Of all the moving parts contradicting the narrative of the growing economic boom, it’s incomes that will do it the most disservice. After all, there can be no such thing without them. Until our future robot AI overlords finally descend to either free humanity from labor, or eliminate us altogether, the economy still runs on the basic capitalist premise of labor utility.

We need to work such that we don’t have to make our own clothes and grow our own food, that way we can be freed to produce our own YouTube videos. The successful exchange of labor (videos) and capital (internet infrastructure and distribution franchise) is obviously income paid at profit. If the economy is truly working well, that’s when we are all working and incomes grow robustly.

Thus forms the virtuous circle all economists and policymakers actively seek out. The more incomes rise, the more we tend to spend, the more businesses will hire to keep up with expanding revenue. On and on it goes in what we call a boom.

Almost all major economic problems can be distilled as the reverse. Consumers stop spending, business stop hiring, leading to less spending. The grand idea behind an exploitable rational expectations theory is to use primarily monetary policy to get both consumers and businesses feeling good about the future so that they act today in belief of a much brighter tomorrow.

The “rising dollar” of 2014-16 produced just those sorts of negative pressures. The downturn initially hit business income, meaning profit. They responded by cutting back on the growth of inputs, managing costs to a more serious degree than they already had been doing. The labor market slowed (as did capex spending) by a considerable margin.

As a result, national (labor) income did, too.
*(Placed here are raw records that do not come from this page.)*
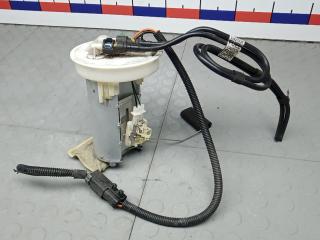 насос топливный Jeep Grand Cherokee WJ 2002, 4.7 л., бензин, АКПП, внедорожник 5 дв.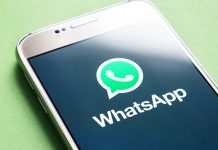 Polícia desmonta quadrilha que já roubou R$500 mil em golpes no WhatsApp Polícia desmonta quadrilha que já roubou R$500 mil em golpes no WhatsApp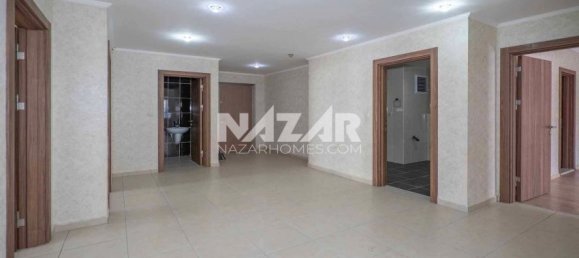 Apartamento de 3+1 en Alanya, Turkey No. 20514 15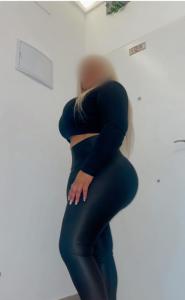 631720796: Chica busca chico en Castellón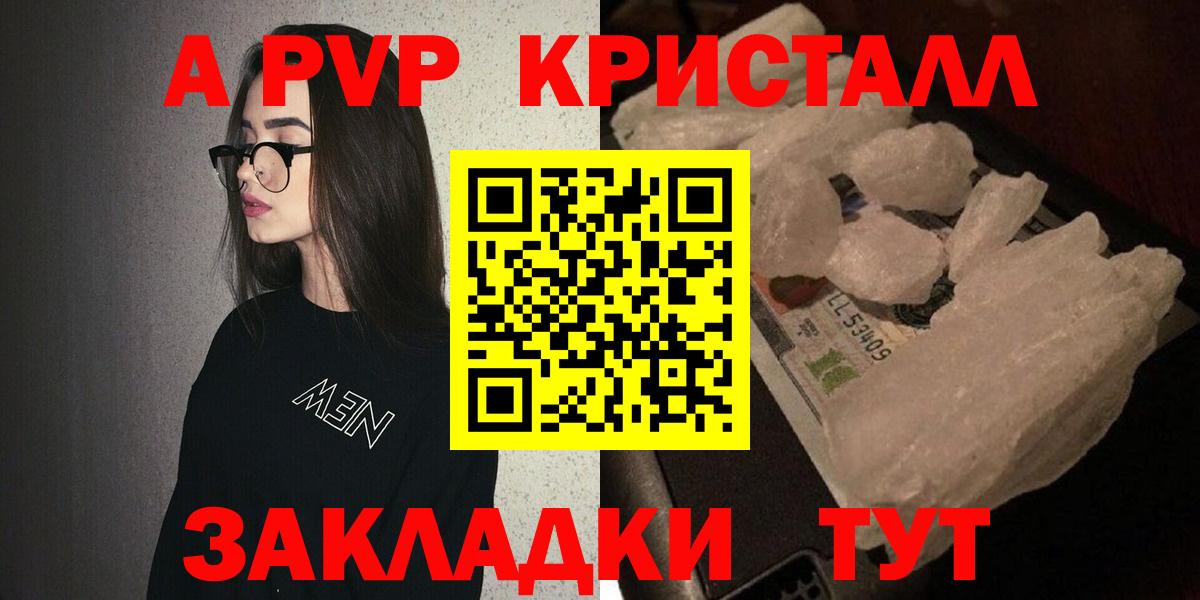 A PVP СК КРИС Ярославль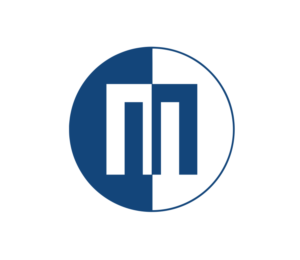 Logo-Design von creativea für dieses Projekt | Design #12369555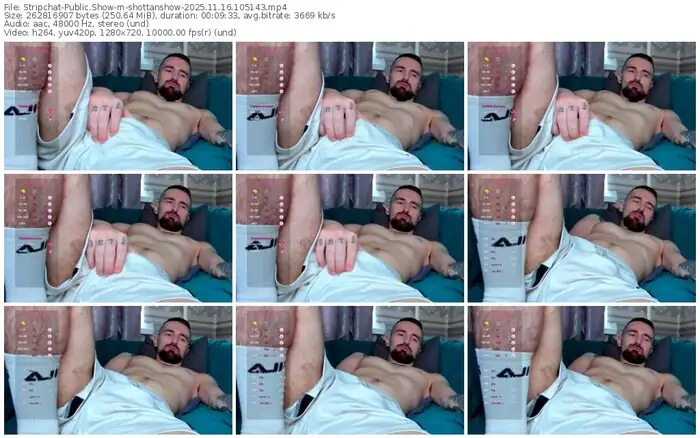 stripchat-shottanshow-11-16-2025-10-51-43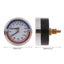  Mini Pressure Gauge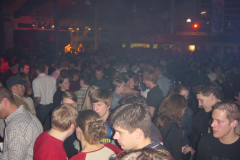 2003-01-18_skiball_fretter_22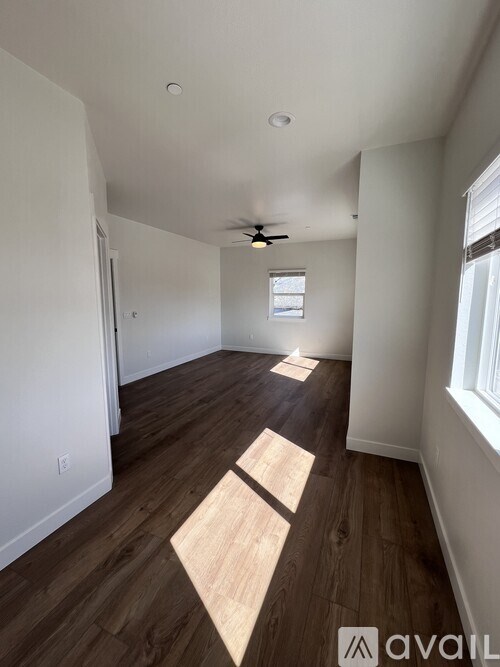 Source URL: https://prod-avail.s3.amazonaws.com/public_images/38039801/listing/image_6209779_(2).JPG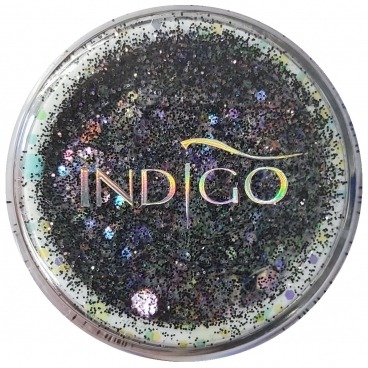 Indigo Calvin Shine Princess Effect efekt ksieżniczki 3g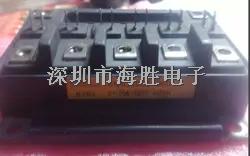 6MBI100J-060 富士IGBT模塊 品質保證 現貨供應-6MBI100J-060盡在買賣IC網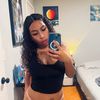 nanaaa_le0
Consumer spending decelerated only by a little. The difference between those two is, of course, savings.

But what really confounds this idea of a boom is that both of those trends continued through both 2016 and 2017. Given the 2015-16 downturn, it seemed reasonable to give up on 2016. The following year, however, was widely figured to be the beginning of the upturn, the real upturn that would produce widespread recovery more consistent with past versions. It was in many ways (China the other major part) the basis for “globally synchronized growth.”

That’s not what happened. Instead, the labor market remained moribund, one of the worst years for American labor in some time, constrained by businesses clearly reluctant to act on whatever positive sentiment. We know there is a lot of positivity remaining on both sides, particularly for consumers who are never shy about saying so in any of the consumer sentiment surveys.

In other words, consumers clearly want to spend (and want to believe everyone else does, too). The problem for the economy is that they can’t. Basic demand is always two parts, willingness and ability. No matter how willing anyone might be, if they can’t all the positive sentiment in the world matters for too little.

That leaves the whole of this economic boom in the hands of reluctant businesses. What are they afraid of? To me, the answer is pretty simple. It’s the same message as is being played out in curves all over the world. What if Janet Yellen is wrong AGAIN?

They were burned by the mainstream consensus particularly in 2014 and early 2015 (after being burned to a lesser extent in 2011). There was no downturn in the official narrative, just a combination of “transitory” factors economists told everyone to ignore. After a while, they couldn’t be merely set aside because these negative pressures were both serious and clearly more than temporary.

While consumers continue to spend at a slightly lower rate than before, their income in the aggregate has decelerated almost to zero growth. It seems they are still figuring on this boom everyone keeps talking about, and for the past few years there hasn’t really been any consequences for living the fairy tale. The point where that is no longer true may be rapidly approaching.

Without any margin of savings, the slightest shock could send consumer spending and the economy into a much greater downturn than 2015-16. It’s probably a good thing the “rising dollar’s” economic damage was largely focused overseas given that trends weren’t really that robust at that time. What if the next one comes back home?

Not only might we find consumer spending softening as a matter of a turn in sentiment, that inflection would be amplified by the usual cyclical emotion of a shock in consumer behavior. To go from 2.4% savings, as is estimated for December 2017, back to just 5% let alone 6% would be a serious and full-blown recession.

That means this boom really has to boom, and I mean BOOM, at some point in the near future. Incomes will have to shift toward incredibly robust just to make up for 2017 and its past consumer spending at minimal growth. To rebuild the margin of savings in addition to rapidly climbing current spending would require tremendous, sustained income acceleration.

Where is that indicated? There isn’t even the slightest hint those kinds of hasty positive pressures are building up right now (UST 10s yields would be already passing 3.5% in a straight line on their way to 4%, with the yield curve blowing out first steeper, rather than 2.5% to maybe get up to 3% and flattening to nearly nothing). Economists keep pointing to the unemployment rate, but the unemployment rate’s extreme low level has coincided with the slowdown, not acceleration, in national (labor) income. It’s been totally disproven, particularly last year.

Instead, this all points toward 2017 being what it was – another phony recovery year predicated on dubious positive expectations for tomorrow. It was a year when that idea was given its full chance. The income data doesn’t suggest a lot of the same wiggle room for 2018. This is the year the boom has to boom, and do so starting with almost nothing going for it. These are the outer limits of sentiment. They can’t keep only talking about tomorrow’s economy; it has to show up today.